J’ai ainsi eu l’opportunité de découvrir le métier de gestionnaire de sinistre dans le secteur de l’assurance, possibilité que je n’aurais pas considérée si j’avais été à Sciences Po. A cette découverte s’ajoute mes études de gestion, qui me permettent de comprendre leur fonctionnement sous différents angles, que ce soit au niveau juridique, comptable, financier, sociologique ou encore des ressources humaines et du management. Cette expérience m’a donné l’occasion de découvrir un domaine qui me correspond réellement, et donc de trouver ma voix.
Ajouté à cela, suite à la torture qu’a été l’épreuve orale pour moi, j’ai pris la décision de combattre ma timidité et ma peur du regarde des autres, de prendre confiance en moi, mais aussi d’être moins perfectionniste. Après cet échec brutal, et cette immense déception, l’échec ne me fait plus tard. Je préfère prendre le risque de me lancer dans mes projets, et je ne laisse plus mes doutes me paralyser.

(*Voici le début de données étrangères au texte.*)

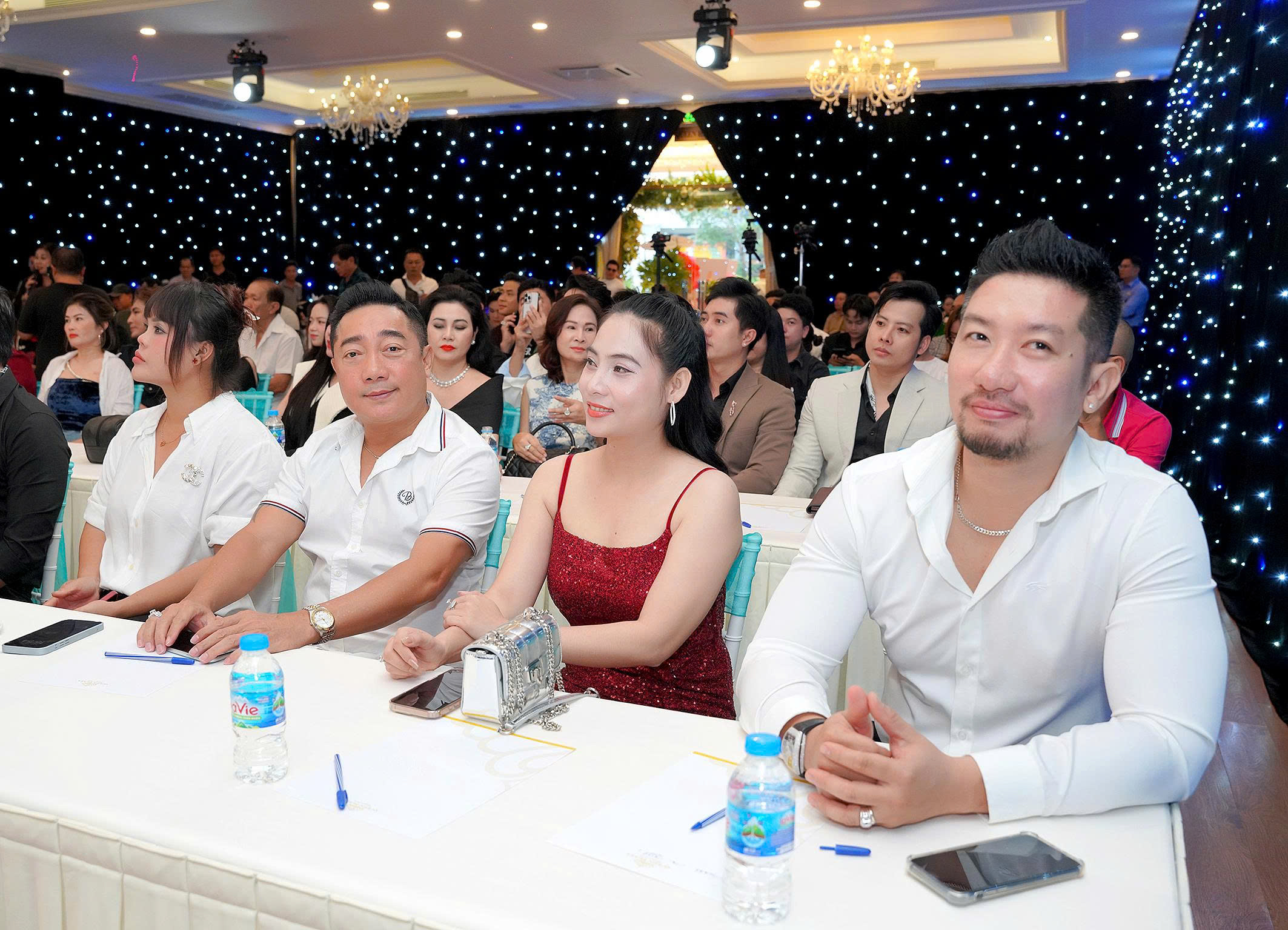 hong-quyen-choi-lon-to-chuc-liveshow-3-bang-nhac-kich-mong-phu-hoa-TGNGUOINOITIENG9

En effet, en choisissant la voie de l’apprentissage, j’ai été confrontée à de nombreux refus de plusieurs entreprises avant de décrocher mon premier entretien d’embauche. Cette rencontre avec mon possible futur manager a été pour moi l’occasion de me prouver que j’étais capable de mettre en avant mes qualités, de développer une réflexion sur ma personnalité. J’ai d’ailleurs réussi à obtenir le poste après cet entretien.
Je retiens de ce passage assez difficile qu’un échec n’est jamais définitif, et que c’est une expérience certes douloureuse, mais qui nous oblige à ouvrir notre esprit, à chercher d’autres opportunités autour, et à prendre un autre chemin, qui peut nous satisfaire beaucoup plus. C’est aussi une façon de se rendre compte de nos faiblesses, pour qu’on s’en serve et les transforme en force. L’échec est un tremplin vers une réussite encore plus belle. Cette expérience m’a renforcé et m’a permis d’affirmer ma singularité, de gagner en estime de moi, de faire preuve de flexibilité et d’ouverture d’esprit face à nos moyens et nos possibilités.